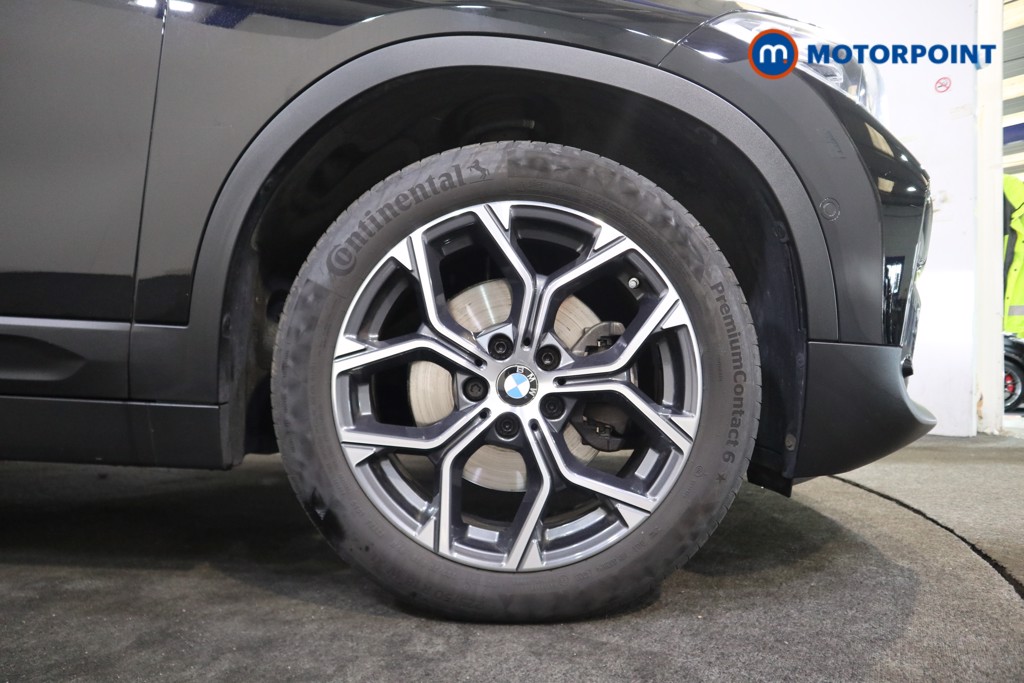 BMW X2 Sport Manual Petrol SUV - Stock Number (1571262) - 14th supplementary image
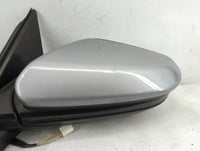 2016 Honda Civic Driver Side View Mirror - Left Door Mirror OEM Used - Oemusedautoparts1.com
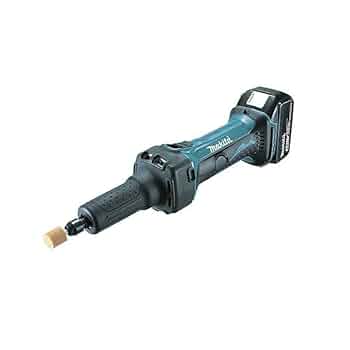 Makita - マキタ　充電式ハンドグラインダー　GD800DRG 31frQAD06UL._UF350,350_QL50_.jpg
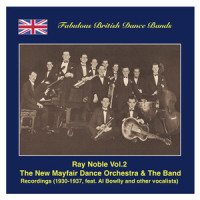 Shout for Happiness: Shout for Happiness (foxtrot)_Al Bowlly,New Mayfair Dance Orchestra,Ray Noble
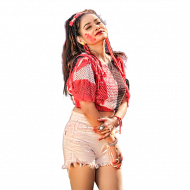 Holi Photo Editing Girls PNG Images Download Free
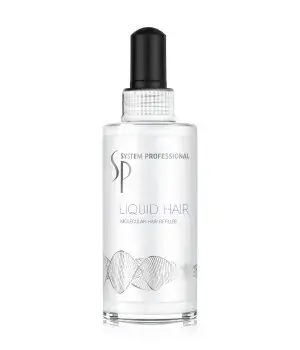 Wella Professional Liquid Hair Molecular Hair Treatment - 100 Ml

---

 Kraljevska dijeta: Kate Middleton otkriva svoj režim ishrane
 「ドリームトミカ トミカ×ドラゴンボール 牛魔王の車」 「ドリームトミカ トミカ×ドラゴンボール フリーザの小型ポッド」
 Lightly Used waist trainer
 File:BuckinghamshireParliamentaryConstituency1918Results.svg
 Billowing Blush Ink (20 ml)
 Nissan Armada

> **Directions for this task**
Without the pictures, give again exactly the lines above starting at the line containing "2016 Honda Civic" and ending at the line containing "Wella Professional Liquid".

> **Solution to this task**
 2016 Honda Civic Driver Side View Mirror - Left Door Mirror OEM Used - Oemusedautoparts1.com
 Makita - マキタ　充電式ハンドグラインダー　GD800DRG 31frQAD06UL._UF350,350_QL50_.jpg
 Shout for Happiness: Shout for Happiness (foxtrot)_Al Bowlly,New Mayfair Dance Orchestra,Ray Noble
 Holi Photo Editing Girls PNG Images Download Free
 Wella Professional Liquid Hair Molecular Hair Treatment - 100 Ml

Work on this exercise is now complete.